Alshami, A., University of North Dakota
In this work, we develop a machine learning (ML) algorithm for predicting the aqueous solubility of polymers and organic compounds. The solubility of components in various solvents can be nominated as an essential value for understanding the physical properties of various substances. Better and more reliable equilibrium solubility can be determined without the need for time-consuming experimental and pilot studies using an accurate machine learning algorithm by transforming conventional groups into a sequence of bits that computers can recognize. Conventional groups play an important role in calculating the solubility values, and ML can be a game-changer as a contribution method to calculate these measures. To determine conventional groups as the input data in ML method, structure-related information, such as atoms, rings, bonds and functional groups are required. In order to compare molecular structures, an abstractions called molecular fingerprints or molecular descriptors should be used. In this study, we trained an ML algorithm by using chemical descriptors and fingerprints methods. Molecular descriptors are used to illustrate a molecule’s physical, chemical, or topological characteristics. We used seventeen descriptors in this study to predict aqueous solubility and compare their impacts on outputs results.
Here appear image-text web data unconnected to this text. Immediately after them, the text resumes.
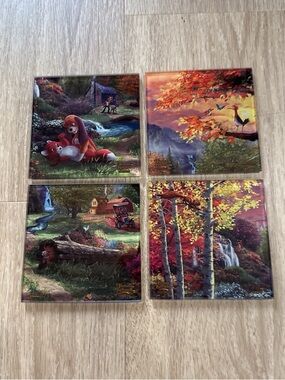 Set of 4 Autumn Landscape Coasters with Fox Illustrationr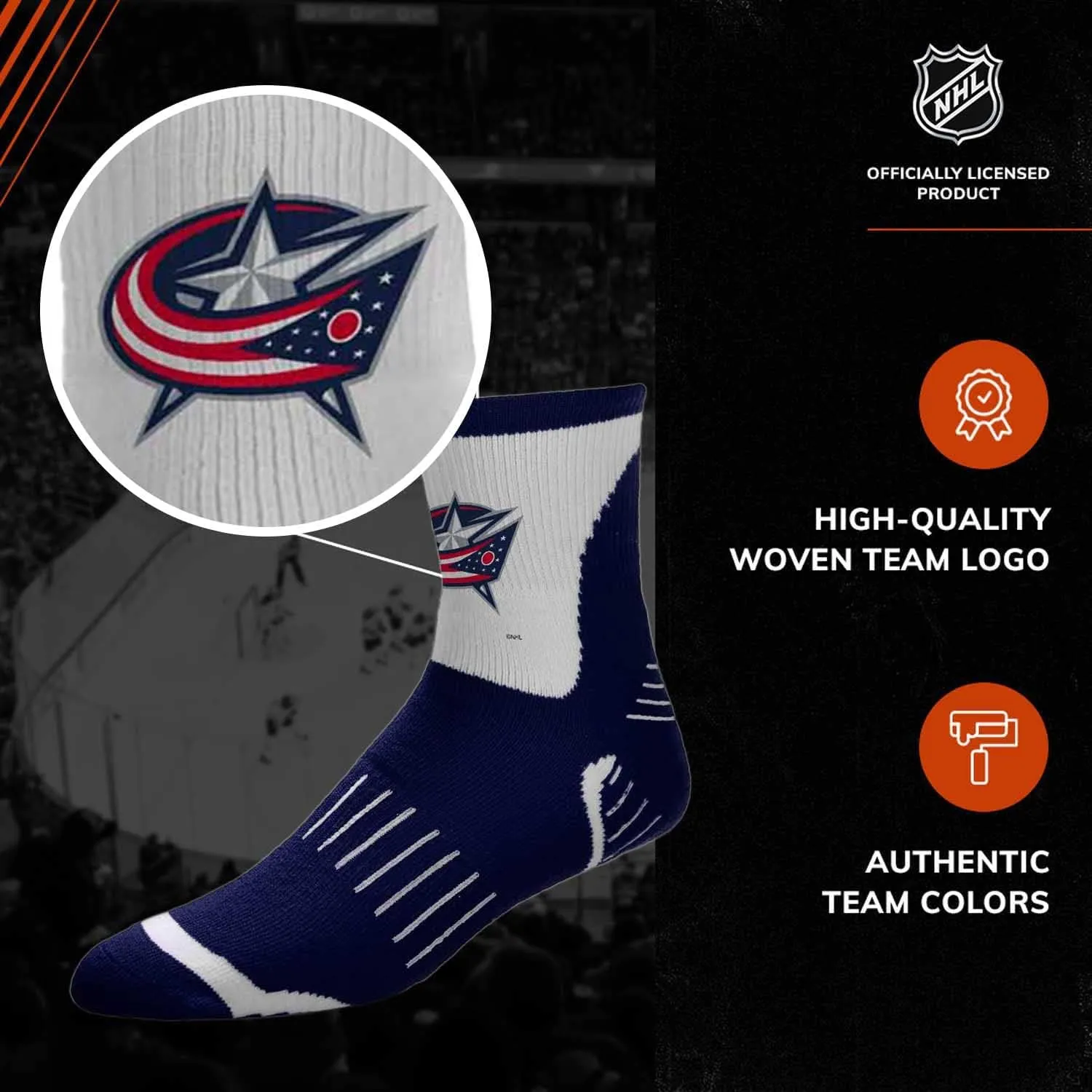 For Bare Feet NHL Youth Surge Socks - All Weather Performance - Machine Washable - Boys & Girls - Comfortable socks for Game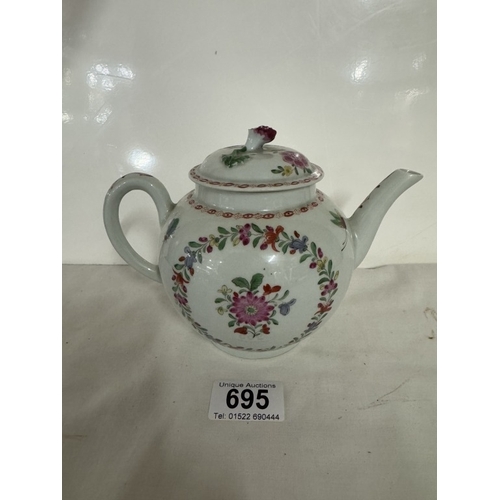 695 - A Liverpool polychrome teapot & lid , Philip Christian & CO. enamelled with central peony sprays in ... 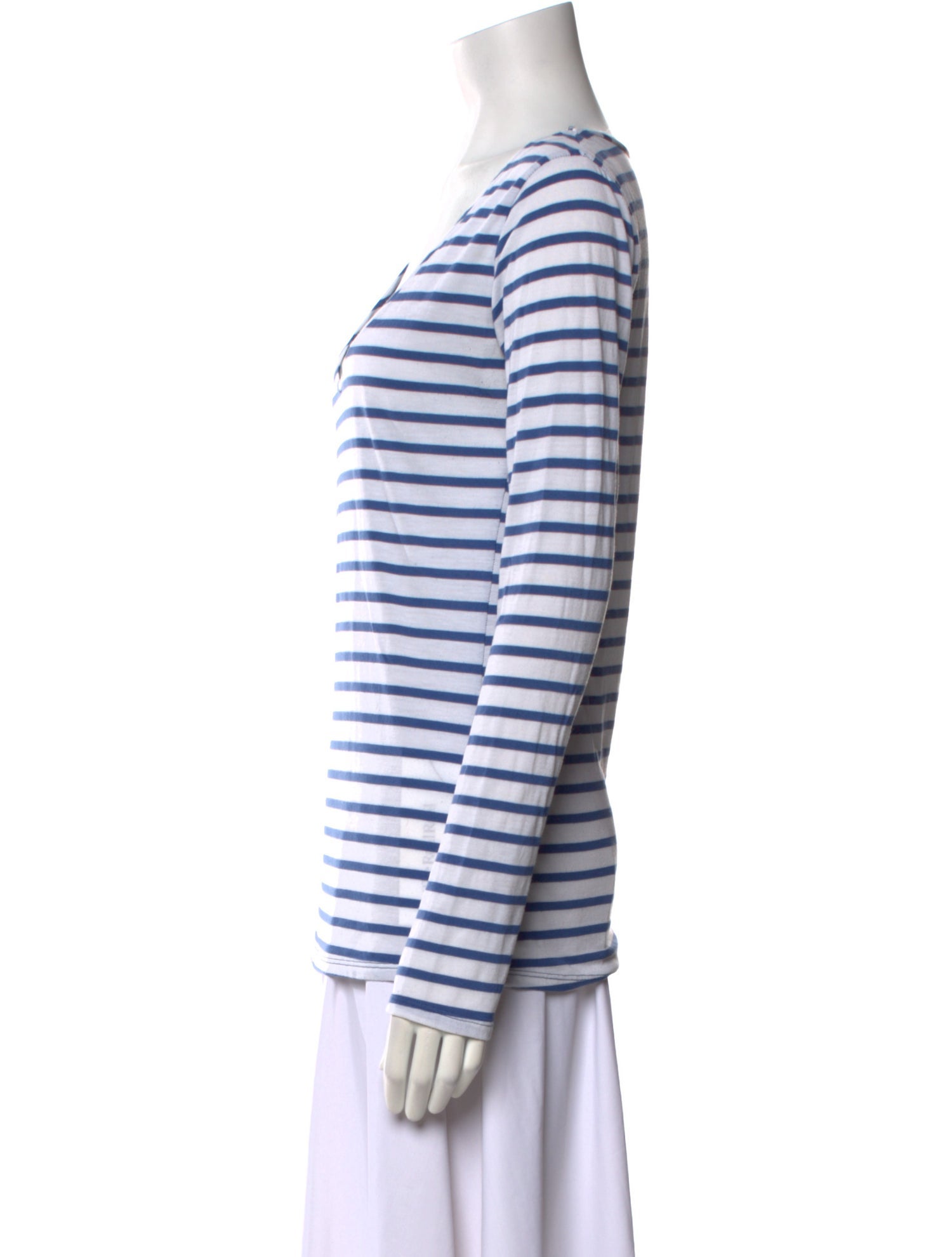 Nili Lotan Striped Scoop Neck T-Shirt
Molecular fingerprints used in this study is categorized in two shape: path-based and circular fingerprint. Topological or path-based fingerprints include combinations of atom types and paths between various atom types. In this type of fingerprint, fragments of the molecule are generated by following a path up to a certain number of bonds within the molecule. Path-based fingerprints hash all branched and linear molecular subgraphs up to a particular size by combining atom types, the atomic number, and aromaticity state with bond types. The Daylight fingerprint is the most well-known example of path-based fingerprints, and the RDKit fingerprint is a relative of the well-known Daylight fingerprint. In this study, a maximum path length of five (RDK5) was used.

Circular fingerprints are generated by considering the “circular” environment of each atom up to a given “radius” or “diameter” from the central atom. Morgan fingerprint, also known as extended-connectivity fingerprints ECFPs, is the most popular circular fingerprint which perceives the presence of specific circular substructures around each atom in a molecule. ECFPs are a method to identify identical molecules that have different atom numberings by representing the number of heavy-atom neighbors, the number of hydrogens, the isotope, and ring information. ECFPs have different types based on selecting different maximum bond lengths or diameters of the circular atom neighborhood where the digit at the end shows the maximum diameter value employed to generate the fingerprint. In this study, a circular fingerprint with a diameter 4 and 6, i.e., ECFP4 and ECFP6 were used.

We train ~2000 organic and polymeric compounds using the Random Forest (RFs) model as the regressors with the average R2 test values around 0.91 and 0.81 and 0.82, respectively for molecular descriptors, path-based and circular fingerprints. The most important features of each method and their impact on the aqueous solubility were investigated in this study.